Baltic countries seek Norway gas link

Aug. 11, 2017
Finland's government has authorized construction of the second trans-national gas pipeline through the Baltic Sea, after Russia’s Nord Stream. 

Jeremy Beckman London

Finland’s government has authorized construction of the second trans-national gas pipeline through the Baltic Sea, after Russia’s Nord Stream. The 81-km (50-mi) Balticonnector system will link the Finnish gas distribution network to the Baltic countries to the southeast, via a landfall on the Estonian coast. The European Union has agreed to fund 75% of the costs of the project, which is due to be completed by 2020. State-owned Baltic Connector Oy has asked five contractors to bid for the offshore installation and four others to tender for supply of the offshore pipes.

Danish engineering group Ramboll Oil & Gas undertook the feasibility study for the pipeline last year, under a joint venture with Ernst & Young and Gazoprojekt. Now Ramboll is working on another study for the proposed Baltic Pipe, another of the EU’s ‘projects of common interest:’ this would link to the Norwegian gas trunkline network via an onshore gas reception terminal at Nybro, Denmark. From there, gas would be exported through another new subsea pipeline connecting to the Polish transmission system and on to other markets in Eastern Europe. The conceptual engineering focus for the subsea line is on route selection, cost, mechanical design, crossings and preparation of survey specifications. All being well, up to10 bcm/yr could be flowing from Norway to Eastern Europe by 2022.

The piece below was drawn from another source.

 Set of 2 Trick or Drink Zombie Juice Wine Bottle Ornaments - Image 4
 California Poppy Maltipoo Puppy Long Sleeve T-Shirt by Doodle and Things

Gina Krog delivers first oil

Statoil has produced first oil and gas from Gina Krog, one of the company’s three platform-based greenfield developments offshore Norway. The other two, Aasta Hansteen and Johan Sverdrup should start up respectively in 2018 and 2019. Gina Krog, comprising the Dagny and Ermintrude discoveries, started out as a small gas accumulation when first proven in 1974; more concerted exploration of the area three decades later uncovered large oil volumes, in addition to gas/condensate.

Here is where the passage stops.